Nureddin Yıldız Hocaefendi’nin verdiği iman tazeleyici ev ödevini uygulamaya koyalım. Unutmayalım bizim secdeye eğilmeyen başımıza, tesettüre bürünmeyen vücudumuza, Kur’an’laşamayan hayatımıza karşılık Elhamdulillah Müslümanım diyen dilimiz ne bize ne yavrularımıza bir fayda sağlamayacak.

“İman, hayat boyu korunması gereken bir nimettir. Tıpkı insanın nabzı gibi iman da artar eksilir, heyecanlanır, uyuşabilir mü’min. Her şeye ve her ortama hazır olmak sahabi olmaktır. Dün sana heyecan veren şeylerin bugün soğuk durması normaldir. Allah Teâlâ seni bir de bu şartlarda sınayacak demektir bu. Mekke’de yaşar gibi yaşamak, her an Bedir’deki gibi olmak mümkün değildir. Allah’ın en iyi kullarının bile böyle bir yaşantısı olmadı. Ezilip büzüldükleri, eğilip büküldükleri oldu ama imanlarını hiç kaybetmediler. Bu tıpkı insanın, uyurken uyanık olma durumuna göre biraz daha pasif kalmasına benzer bir durumdur. Sakın endişelenme, bırakıp gitme.

Kendine gel ve:

  • Çevreni kontrol et. Kur’an bilmeyen, sahabileri örnek almayan bir çevrede yaşıyor olabilirsin. Hemen kendine iyi denebilecek bir mü’min kardeş grubu bulmalısın. Gerekiyorsa mahalleni, şehrini değiştirmeye hazır ol.

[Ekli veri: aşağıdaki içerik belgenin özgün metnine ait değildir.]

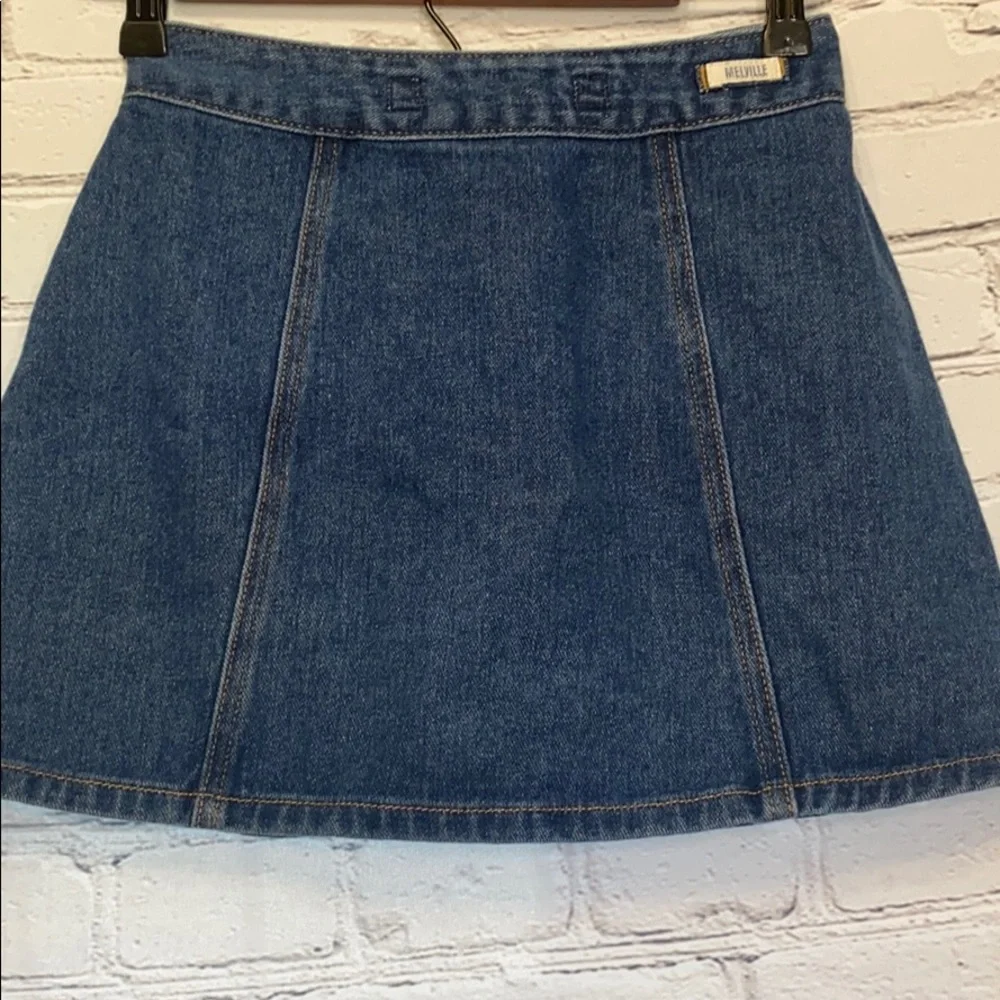 Melville Denim Blue Jean Button Front Mini Skirt Size 23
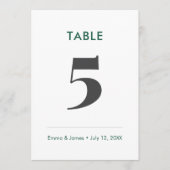 Emerald Minimalistische Ampersand | Tafelnummer (Voorkant)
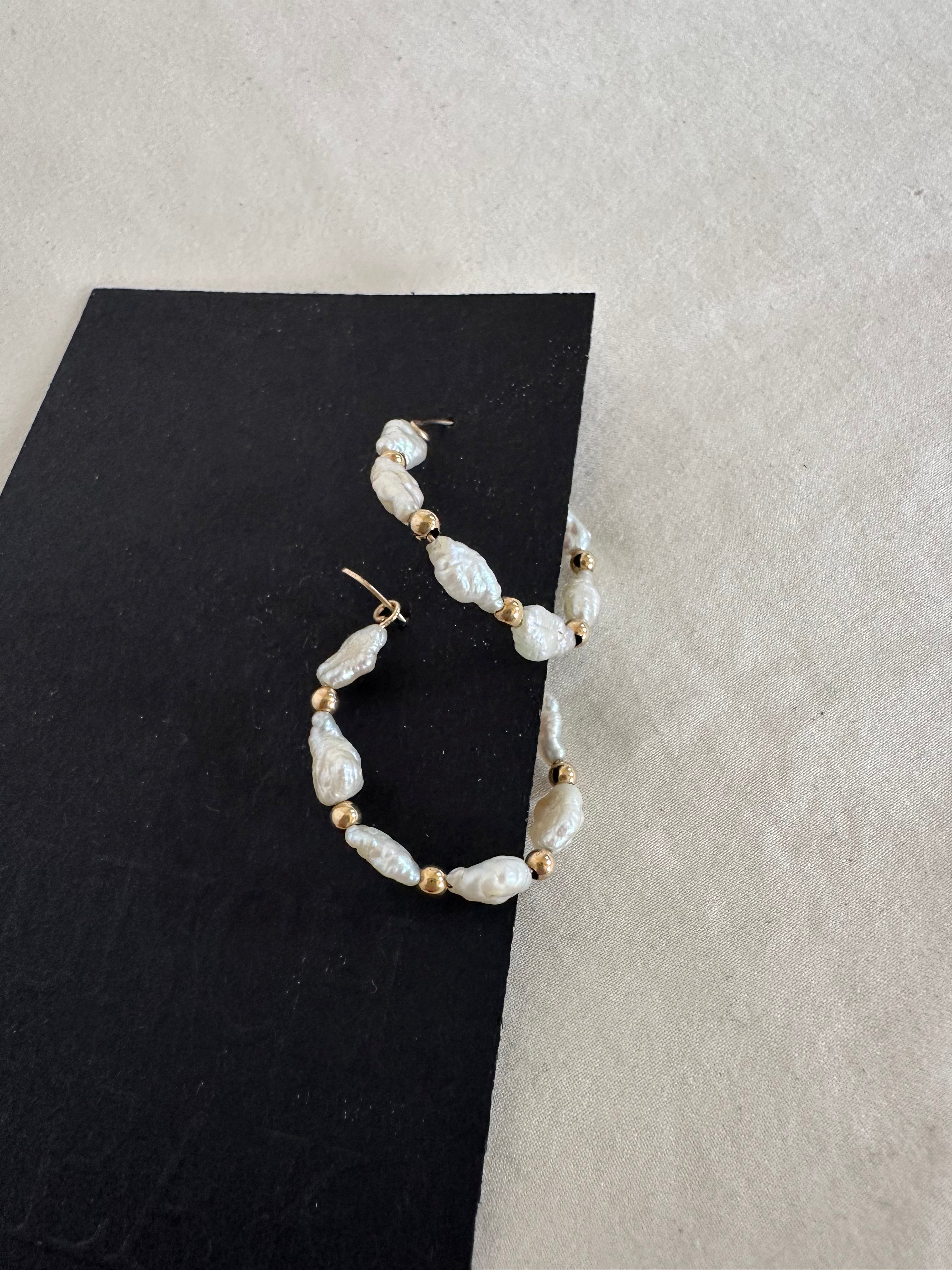 Faux Pearl Hoop Earrings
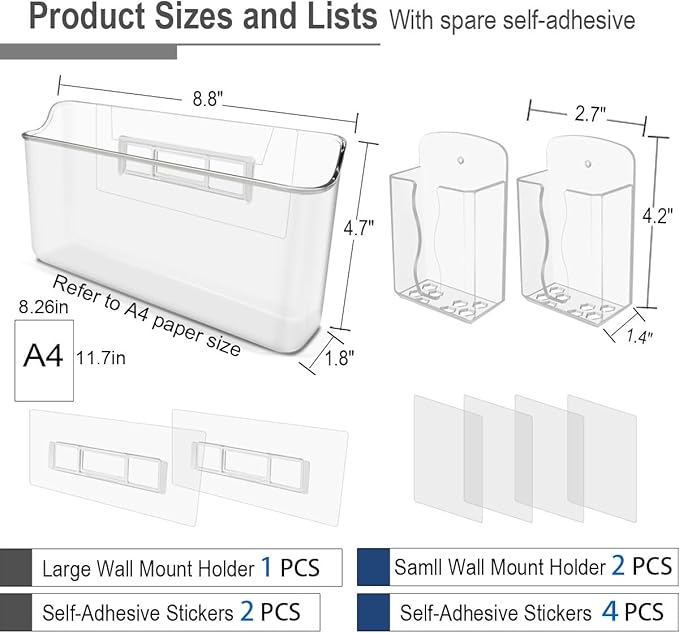 Wall Mounted Remote Control Holder Set, 3 Pack Self Adhesive Magazine File, Mail Organizer Box for Wall, Bedside Caddy Phone Basket, Dorm, Office Storage Supplies.Kitchen Cabinet Door Organizer.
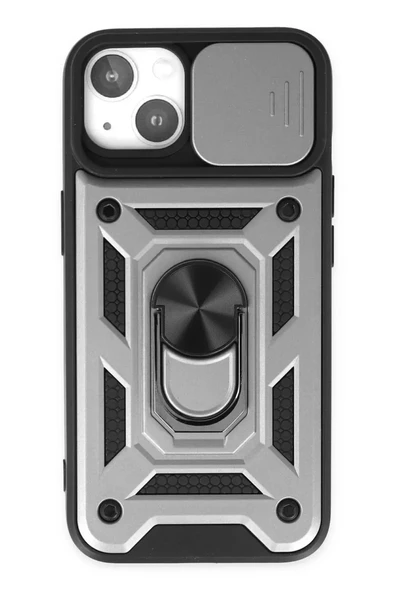 Newface Apple iPhone 14 Kılıf Pars Lens Yüzüklü Silikon - Gümüş ürün görseli 1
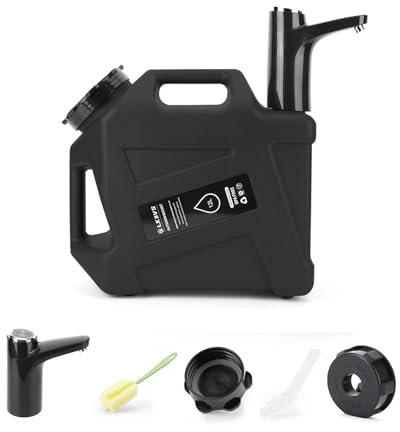 OKESYO 12L Wasserkanister mit Hahn und Elektrisch Wasserflaschen Pumpe, Wasserbehälter Camping mit Griffen, Wassertank BPA-frei, Tragbarer Trinkwasserkanister für Outdoor Camping Küche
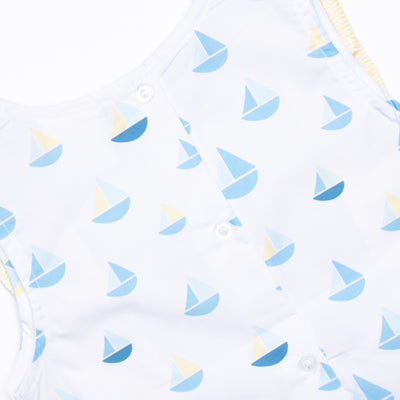 Sea Time Sails Ruffle Dress, Blue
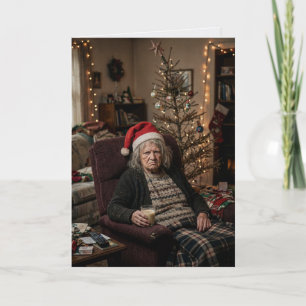 Chagrijnige Dame Sarcasme Kerstmis Kaart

  • İbadetlerinde aksatma yapıyor olabilirsin. Bilhassa namazlar çok önemlidir. Namazlardaki ihmal, çorap söküğü gibi gerisini getirir. Ne kadar sıkışık olursan ol, hiç olmazsa günde bir vakti cemaatle kılmaya çalış. Cemaatle namaz seni yeniden ayağa kaldırır.

– Kur’an okumalısın. Günde beş satır bile olsa Kur’an oku. O antibiyotik gibidir, seni ayağa kaldırır. Duayı elbette ihmal etmeyeceksin. Dua muazzam bir silahtır.

  • Bir sohbet halkasına katıl. Allah’ı zikreden, âyet,hadis okuyan, tefsir izleyen bir halkaya katıl.

– Sivil çalışmalardan birine aktif olarak katıl. Bilhassa yetimlerle ilgili bir iş bul kendine. Bedeninin zekâtını vermiş olursun.

– Bilhassa bilgisayar ve telefon gibi elektronik iblislik yapabilecek cihazlardan mümkün olduğu kadar uzak durmaya çalış.”

Şimdi herkes ödevinin başına otursun. Bahar temizliğinden önce iman temizliğimizi yapalım inşaAllah.